I am wondering why we allow it at all, I cannot think of a practical use case for this, it is an array of zeros that cannot be modified.

For one there is a consistency argument to be made, but irrespective of any use case known to you, you could just point out bugs--perhaps in a separate issue where it would be relevant--without superfluous challenges to the legitimacy of some use case.

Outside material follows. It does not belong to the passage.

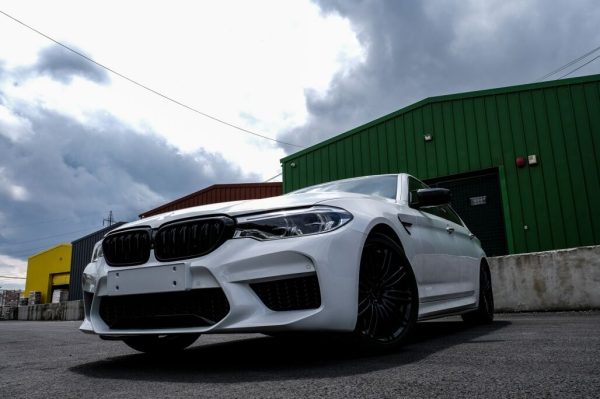 Side Skirts with Extensions suitable for BMW 5 Series G30 Limousine G31 Touring (2017-up) M5 Design - Image 17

If it was an oversight to allow it in structured types

In fact this is specifically the use case where for me it was most important. As @MSeifert04 suggests, the FITS format allows columns in binary tables that zero width. Why? I'm not sure. I've explored some possible reasons for this in the past but I don't remember. Nevertheless they have and do occur in the wild. It's very difficult to represent such a table as a structured dtype without supporting zero-width fields in the structure because it means lots of extra book-keeping to map fields in a structured array with logical fields in the FITS format. It's much easier and more consistent to allow fields that are just empty arrays.

In fact, as pointed out, this was already supported in the form of |V0, but the treatment of S0 was not consistent with this, and in fact buggy and inconsistent in its own right (some code paths explicitly disallowed it, others allowed it but silently converted S0 to S1 resulting in other weird errors).

I'd rather fix that instead of trying to audit every single code path that can create arrays.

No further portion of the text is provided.